Qualcuno mugugna al suo fianco e si sposta più vicino a lui, poggiandogli un braccio sul ventre senza pesargli troppo addosso.
…e poi Chakuza, ecco.
Bill guarda i suoi lineamenti fieri e dritti, il profilo del suo naso, le linee sottili delle sue labbra, e lo osserva mentre lentamente si sveglia. Si aspetta un po’ che, quando l’austriaco avrà finito di schiudere gli occhi, si scosterà da lui con aria infastidita e imbarazzata, rendendosi conto di aver messo le mani dove mai – mai e poi mai – avrebbe dovuto. E invece non accade. Quando gli occhi verdissimi di Chakuza si piantano nei suoi, l’uomo non si allontana. Non sposta nemmeno il braccio. In realtà non si muove di un millimetro, se si esclude il movimento lento che i suoi respiri impongono al suo petto.

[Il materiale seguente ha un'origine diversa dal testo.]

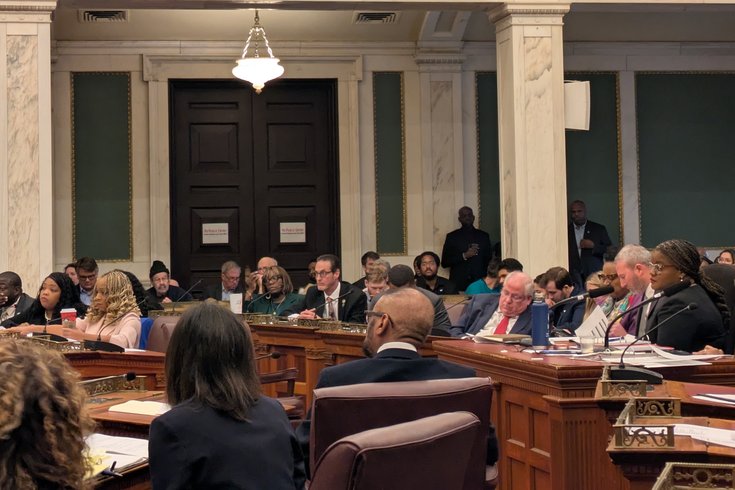 HOME hearing Nov. 12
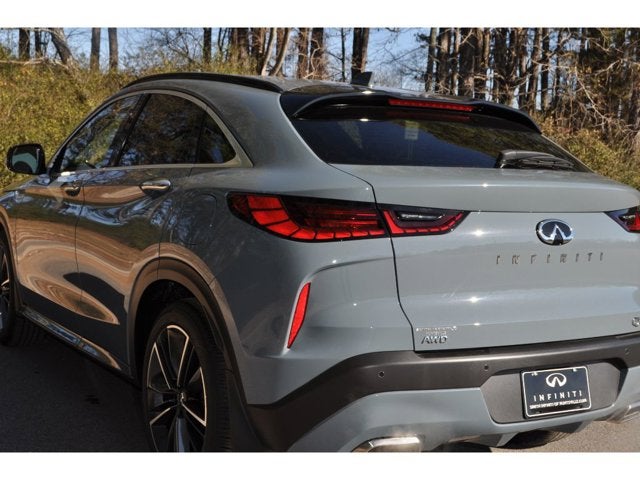 2025 INFINITI QX55 Sensory AWD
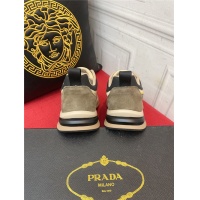 $82.00 USD Prada Casual Shoes For Men #938705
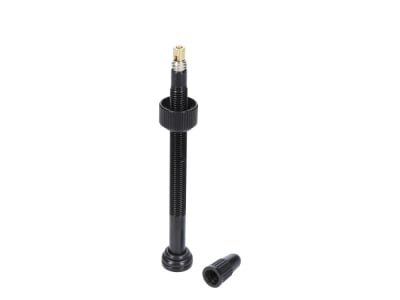 YUNIPER Tubeless Valve | black 50 mm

- Stai bene? – chiede piano, la voce ancora un po’ arrochita dal sonno. Bill ripensa ad Anis e a la sua voce gli rimbomba nelle orecchie fino a fargli dolere i timpani, solo per un istante. Poi ripensa alle mani di Chakuza che gli scivolano addosso, alle sue labbra sul suo collo, al suo corpo tutto pressato contro il proprio, e sorride.
Non sente il bisogno di rispondere. Chakuza non sente il bisogno di chiedere altro.